Once the ProfileMode instance is created, simply compile your graph as you would normally, by specifying the mode parameter.
>>> # with functions
>>> f = theano.function([input1,input2],[output1], mode=profmode)
>>> # with modules
>>> m = theano.Module()
>>> minst = m.make(mode=profmode)
Once your graph is compiled, simply run the program or operation you wish to profile, then call profmode.print_summary(). This will provide you with the desired timing information, indicating where your graph is spending most of its time.
This is best shown through an example. Lets use the example of logistic regression. (Code for this example is in the file benchmark/regression/regression.py.)
Compiling the module with ProfileMode and calling profmode.print_summary() generates the following output:
"""
ProfileMode.print_summary()
---------------------------
local_time 0.0749197006226 (Time spent running thunks)
Apply-wise summary: <fraction of local_time spent at this position> (<Apply position>, <Apply Op name>)
0.069 15 _dot22
0.064 1 _dot22
0.053 0 InplaceDimShuffle{x,0}
0.049 2 InplaceDimShuffle{1,0}
0.049 10 mul
0.049 6 Elemwise{ScalarSigmoid{output_types_preference=<theano.scalar.basic.transfer_type object at 0x171e650>}}[(0, 0)]
0.049 3 InplaceDimShuffle{x}
0.049 4 InplaceDimShuffle{x,x}
0.048 14 Sum{0}
0.047 7 sub
0.046 17 mul
0.045 9 sqr
0.045 8 Elemwise{sub}
0.045 16 Sum
0.044 18 mul
... (remaining 6 Apply instances account for 0.25 of the runtime)
Op-wise summary: <fraction of local_time spent on this kind of Op> <Op name>
0.139 * mul
0.134 * _dot22
0.092 * sub
0.085 * Elemwise{Sub{output_types_preference=<theano.scalar.basic.transfer_type object at 0x1779f10>}}[(0, 0)]
0.053 * InplaceDimShuffle{x,0}
0.049 * InplaceDimShuffle{1,0}
0.049 * Elemwise{ScalarSigmoid{output_types_preference=<theano.scalar.basic.transfer_type object at 0x171e650>}}[(0, 0)]
0.049 * InplaceDimShuffle{x}
0.049 * InplaceDimShuffle{x,x}
0.048 * Sum{0}
0.045 * sqr
0.045 * Sum
0.043 * Sum{1}
0.042 * Elemwise{Mul{output_types_preference=<theano.scalar.basic.transfer_type object at 0x17a0f50>}}[(0, 1)]
0.041 * Elemwise{Add{output_types_preference=<theano.scalar.basic.transfer_type object at 0x1736a50>}}[(0, 0)]

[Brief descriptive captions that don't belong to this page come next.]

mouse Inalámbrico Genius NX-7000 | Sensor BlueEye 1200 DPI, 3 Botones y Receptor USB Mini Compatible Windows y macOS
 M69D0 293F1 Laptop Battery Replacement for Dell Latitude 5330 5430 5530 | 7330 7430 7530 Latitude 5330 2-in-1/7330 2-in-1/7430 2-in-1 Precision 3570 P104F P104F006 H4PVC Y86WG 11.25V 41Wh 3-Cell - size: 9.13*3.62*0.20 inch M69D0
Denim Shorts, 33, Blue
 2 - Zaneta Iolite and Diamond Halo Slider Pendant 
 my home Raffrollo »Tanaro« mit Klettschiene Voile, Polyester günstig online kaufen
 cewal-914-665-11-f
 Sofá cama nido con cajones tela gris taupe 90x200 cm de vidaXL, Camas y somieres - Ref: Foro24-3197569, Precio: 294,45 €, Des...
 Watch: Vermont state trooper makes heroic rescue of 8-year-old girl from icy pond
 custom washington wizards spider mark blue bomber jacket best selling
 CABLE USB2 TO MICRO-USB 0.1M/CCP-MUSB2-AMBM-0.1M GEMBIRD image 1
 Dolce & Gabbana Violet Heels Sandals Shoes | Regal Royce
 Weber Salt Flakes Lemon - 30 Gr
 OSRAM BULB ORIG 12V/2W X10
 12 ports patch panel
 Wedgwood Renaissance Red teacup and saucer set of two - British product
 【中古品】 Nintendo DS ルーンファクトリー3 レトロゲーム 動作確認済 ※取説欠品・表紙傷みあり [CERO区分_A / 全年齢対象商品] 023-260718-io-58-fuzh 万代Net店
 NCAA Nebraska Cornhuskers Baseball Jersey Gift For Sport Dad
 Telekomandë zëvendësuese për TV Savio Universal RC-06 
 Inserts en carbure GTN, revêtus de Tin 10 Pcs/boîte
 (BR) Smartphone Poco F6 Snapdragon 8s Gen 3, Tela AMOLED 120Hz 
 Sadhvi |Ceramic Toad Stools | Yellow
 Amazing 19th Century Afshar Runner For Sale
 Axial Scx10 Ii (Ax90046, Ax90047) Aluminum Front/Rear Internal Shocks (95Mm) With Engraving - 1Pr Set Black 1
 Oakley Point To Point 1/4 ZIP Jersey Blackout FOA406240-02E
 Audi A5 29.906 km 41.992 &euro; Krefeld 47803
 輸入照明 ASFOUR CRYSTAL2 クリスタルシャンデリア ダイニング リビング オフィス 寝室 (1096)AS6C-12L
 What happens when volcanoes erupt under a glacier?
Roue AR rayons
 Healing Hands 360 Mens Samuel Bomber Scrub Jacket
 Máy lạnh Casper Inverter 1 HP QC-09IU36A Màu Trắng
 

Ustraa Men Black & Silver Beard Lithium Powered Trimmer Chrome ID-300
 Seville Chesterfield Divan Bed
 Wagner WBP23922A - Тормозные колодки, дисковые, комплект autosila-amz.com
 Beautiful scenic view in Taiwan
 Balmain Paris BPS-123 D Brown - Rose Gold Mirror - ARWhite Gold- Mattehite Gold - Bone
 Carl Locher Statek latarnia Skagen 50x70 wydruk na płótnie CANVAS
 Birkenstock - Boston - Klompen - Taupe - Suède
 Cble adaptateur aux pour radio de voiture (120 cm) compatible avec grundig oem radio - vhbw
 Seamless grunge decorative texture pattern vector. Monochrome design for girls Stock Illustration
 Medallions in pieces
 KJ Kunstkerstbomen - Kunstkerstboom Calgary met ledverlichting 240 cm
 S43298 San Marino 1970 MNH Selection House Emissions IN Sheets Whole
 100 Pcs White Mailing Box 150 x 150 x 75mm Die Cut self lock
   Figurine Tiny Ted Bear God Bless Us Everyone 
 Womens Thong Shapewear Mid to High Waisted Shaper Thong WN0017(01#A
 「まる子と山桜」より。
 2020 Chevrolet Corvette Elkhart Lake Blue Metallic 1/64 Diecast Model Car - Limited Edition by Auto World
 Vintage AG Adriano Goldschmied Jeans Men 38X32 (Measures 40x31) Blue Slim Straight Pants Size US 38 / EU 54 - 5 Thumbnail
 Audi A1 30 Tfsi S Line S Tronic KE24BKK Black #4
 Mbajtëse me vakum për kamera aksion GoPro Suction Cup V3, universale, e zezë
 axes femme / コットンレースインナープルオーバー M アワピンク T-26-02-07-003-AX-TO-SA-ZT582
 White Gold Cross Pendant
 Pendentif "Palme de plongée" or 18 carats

0.039 * Elemwise{Second{output_types_preference=<theano.scalar.basic.transfer_type object at 0x1736d90>}}[(0, 1)]
... (remaining 0 Ops account for 0.00 of the runtime)
(*) Op is running a c implementation
"""
The summary has two components to it. In the first section called the Apply-wise summary, timing information is provided for the worst offending Apply nodes. This corresponds to individual Op applications within your graph which take the longest to execute (so if you use dot twice, you will see two entries there). In the second portion, the Op-wise summary, the execution time of all Apply nodes executing the same Op are grouped together and the total execution time per Op is shown (so if you use dot twice, you will see only one entry there corresponding to the sum of the time spent in each of them).
Note that the ProfileMode also shows which Ops were running a c implementation.